Mais chacun de nous n'a-t-il pas tendance à penser que c'est là un travail de Titan, impossible à réaliser et qu'il vaut donc mieux abandonner tout de suite l'idée d'un possible changement ? Chacun d'entre nous n'est-il pas tenté de se décourager et de se dire « de toute façon il est trop tard, autant attendre tranquillement la « fin du monde » annoncée ? » Quand on en est à ce stade de réflexion où les bras et la tête sont baissés, dans l'attente du châtiment que l'on s'est soi-même infligé, il ne peut y avoir de réconciliation avec le soi. On  a renoncé, déserté, capitulé. L'être intérieur ne se reconnaît plus, il a  perdu ses repères, se sent déconnecté du monde qui l'entoure. Il a brisé le lien.

Au contraire, quand on a gardé intacte en soi cette certitude que l'on peut agir sur le monde et contribuer à son amélioration ; quand est conscient de l'importance de chaque geste posé, on est conscient de sa place dans ce monde. On se sent donc connecté, uni, en harmonie. Alors on peut vivre pleinement, sans se préoccuper des interconnections négatives qui ne nous appartiennent pas, qui ne sont pas de notre fait et sur lesquelles nous n'avons aucune prise, ni en éprouver aucun sentiment de culpabilité ou de souffrance.

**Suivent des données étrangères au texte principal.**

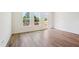 Bright and airy living space featuring hardwood floors, natural light, and access to the deck overlooking trees at 867 Parc Townes Dr # 3, Wendell, NC 27591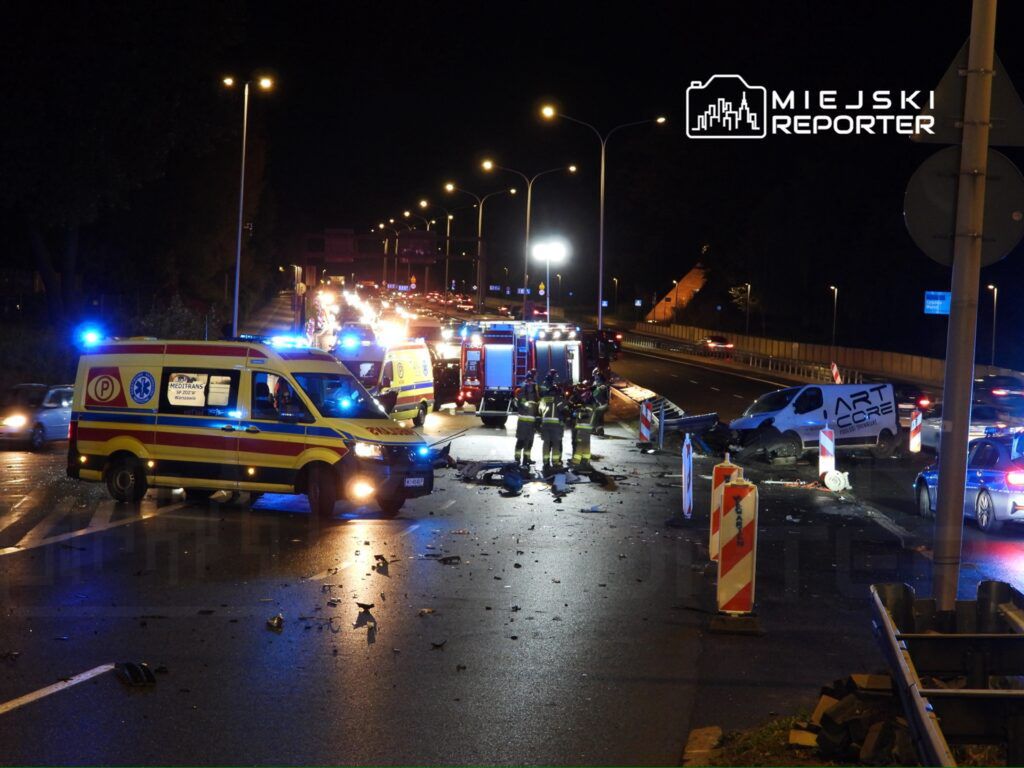 W nocy na drodze widać wypadek drogowy z uszkodzonymi pojazdami, wokół pracują strażacy i karetki.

Sur un plan individuel, pourquoi, après avoir fait tout ce qui était en notre pouvoir pour améliorer une relation ou une situation, nous sentons-nous aussi mal lorsque celle-ci nous échappe ou que les résultats ne correspondent pas à nos attentes ? Pourquoi sommes-nous obnubilés par cet échec et devenons-nous soudain incapables  d'apprécier toutes les choses positives à côté ? Pourquoi n'arrivons-nous pas à faire suffisamment confiance aux autres pour leur abandonner la charge de ce qui nous arrête et qu'eux sont capables de gérer ?

Il nous faut admettre notre impuissance vis-à-vis des choses que nous n'avons pas le pouvoir de changer – du moins pas tout seuls – et continuer à aller de l'avant, pour résoudre toutes ces autres difficultés qui elles, sont à notre portée, et surtout, pour aller vers toutes les autres choses positives qui peuvent nous rendre heureux. Cela demande de notre part la capacité de lâcher prise et l'art –réhabilité – d'apprécier la vie naturellement, spontanément, généreusement, tout simplement comme le fait un petit enfant.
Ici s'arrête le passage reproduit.